“We all should know that diversity makes for a rich tapestry, and we must understand that all the threads of the tapestry are equal in value no matter what their color…”
“It is time for parents to teach young people early on that in diversity there is beauty and there is strength.” – Maya Angelou
One of the topics concerning youth I find myself often researching and learning about is identity, especially how young people view themselves and others. One area in particular is relating to race and ethnic background – how do young people see themselves and others? In my college “Women & Minorities in the Media” course I did a final paper on African American girls and how the media and role models in their lives affect the way they grow up and pursue careers.
Are we as adults and educators teaching children to see beyond color? Will the environment’s we live in and experiences we have had always have an effect on our world paradigm? Below are a few pieces and resources on this subject:
Colour Me – The Feature Film
Colour Me is a feature-length documentary film from Red Piano Productions following motivational speaker Anthony McLean and five youth on their journey to discover what it means “to be black”. McLean himself is biracial and talks about the struggles he felt growing up trying to find where he “fit in.” Watch this development reel from the documentary:
“A Girl Like Me” A Short Documentary Film by Kiri Davis
A few years back (then 17-year-old) Harlem student Kiri Davis recreated the famous doll experiment of the 1940’s by psychologist Dr. Kenneth Clark. Children were presented with dolls of different races to see how they responded to them. Kiri received recognition from various outlets for the film and was featured on the Oprah Winfrey Show, bringing the subject to the forefront to be discussed – have perceptions changed? Click here to learn more about Kiri Davis on her website.
CNN Report: Black or White: Kids on Race (May 2010 – Click here for the full report)

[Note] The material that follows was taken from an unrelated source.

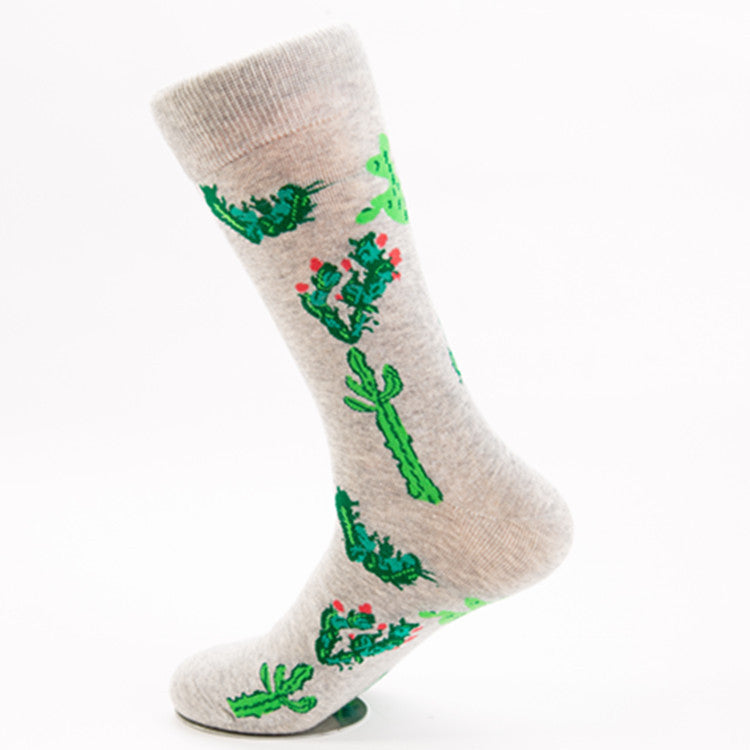 Cactus & Animal Crew Socks - Red Pirate Flag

CNN commissioned a study on children’s racial beliefs, attitudes and preferences that shows black and white children are biased toward lighter skin. The test aimed to re-create the landmark Doll Test from 1940s. The two girls at the end of the video have so much wisdom and see the reality that “you don’t judge someone by the way they look but by the way they act.” Though it was sad to see when some didn’t realize their worth, it’s refreshing to see that some really “get it”.